Data items:
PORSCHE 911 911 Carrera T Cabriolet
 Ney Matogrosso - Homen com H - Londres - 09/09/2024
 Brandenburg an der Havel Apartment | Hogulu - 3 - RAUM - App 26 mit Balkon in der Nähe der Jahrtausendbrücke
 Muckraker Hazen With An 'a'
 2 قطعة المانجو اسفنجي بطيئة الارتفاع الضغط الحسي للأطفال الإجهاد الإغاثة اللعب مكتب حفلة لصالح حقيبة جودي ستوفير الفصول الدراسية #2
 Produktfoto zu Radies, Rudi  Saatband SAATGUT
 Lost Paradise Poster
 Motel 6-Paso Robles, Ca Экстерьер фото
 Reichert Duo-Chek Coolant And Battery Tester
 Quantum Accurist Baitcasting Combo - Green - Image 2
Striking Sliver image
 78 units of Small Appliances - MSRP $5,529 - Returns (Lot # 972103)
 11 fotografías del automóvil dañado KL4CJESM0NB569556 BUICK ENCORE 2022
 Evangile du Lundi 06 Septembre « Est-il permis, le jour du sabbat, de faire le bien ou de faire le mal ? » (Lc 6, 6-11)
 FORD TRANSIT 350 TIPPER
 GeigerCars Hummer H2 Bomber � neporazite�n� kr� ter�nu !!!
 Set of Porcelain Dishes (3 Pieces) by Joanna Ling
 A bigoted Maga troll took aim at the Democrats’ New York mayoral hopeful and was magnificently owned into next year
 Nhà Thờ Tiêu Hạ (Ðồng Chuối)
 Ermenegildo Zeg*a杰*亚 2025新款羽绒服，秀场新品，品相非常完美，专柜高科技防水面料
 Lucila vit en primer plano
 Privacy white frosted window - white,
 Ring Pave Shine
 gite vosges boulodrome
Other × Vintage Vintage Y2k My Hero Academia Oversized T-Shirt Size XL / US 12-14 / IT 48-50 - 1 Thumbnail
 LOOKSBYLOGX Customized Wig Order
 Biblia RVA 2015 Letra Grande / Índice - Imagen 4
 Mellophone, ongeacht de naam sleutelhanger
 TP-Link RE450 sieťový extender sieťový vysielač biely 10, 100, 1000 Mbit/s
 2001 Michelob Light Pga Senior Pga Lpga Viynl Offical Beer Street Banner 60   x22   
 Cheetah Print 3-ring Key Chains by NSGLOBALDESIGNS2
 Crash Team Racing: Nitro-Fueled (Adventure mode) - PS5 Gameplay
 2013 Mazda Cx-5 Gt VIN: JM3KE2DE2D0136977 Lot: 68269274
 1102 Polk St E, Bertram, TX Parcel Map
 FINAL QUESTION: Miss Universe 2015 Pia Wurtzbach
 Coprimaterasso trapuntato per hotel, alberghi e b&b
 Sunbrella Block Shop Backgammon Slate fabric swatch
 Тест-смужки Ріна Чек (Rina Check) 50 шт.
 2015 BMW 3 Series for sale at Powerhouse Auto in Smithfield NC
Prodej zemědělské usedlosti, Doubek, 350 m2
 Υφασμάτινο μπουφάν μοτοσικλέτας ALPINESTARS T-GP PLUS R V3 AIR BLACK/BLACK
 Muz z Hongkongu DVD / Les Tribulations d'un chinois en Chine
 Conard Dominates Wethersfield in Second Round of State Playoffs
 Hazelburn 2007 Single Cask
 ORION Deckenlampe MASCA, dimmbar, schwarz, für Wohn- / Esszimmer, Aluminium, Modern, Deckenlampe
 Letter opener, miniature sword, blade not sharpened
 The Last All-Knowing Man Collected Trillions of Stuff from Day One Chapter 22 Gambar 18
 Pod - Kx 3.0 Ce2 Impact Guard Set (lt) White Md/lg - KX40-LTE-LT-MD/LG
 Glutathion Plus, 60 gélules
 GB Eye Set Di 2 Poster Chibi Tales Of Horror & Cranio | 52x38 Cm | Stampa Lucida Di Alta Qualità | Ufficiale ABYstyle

▶ **Action item**:
Show all lines above holding "Poster".

▶ **Written solution**:
 Lost Paradise Poster
 GB Eye Set Di 2 Poster Chibi Tales Of Horror & Cranio | 52x38 Cm | Stampa Lucida Di Alta Qualità | Ufficiale ABYstyle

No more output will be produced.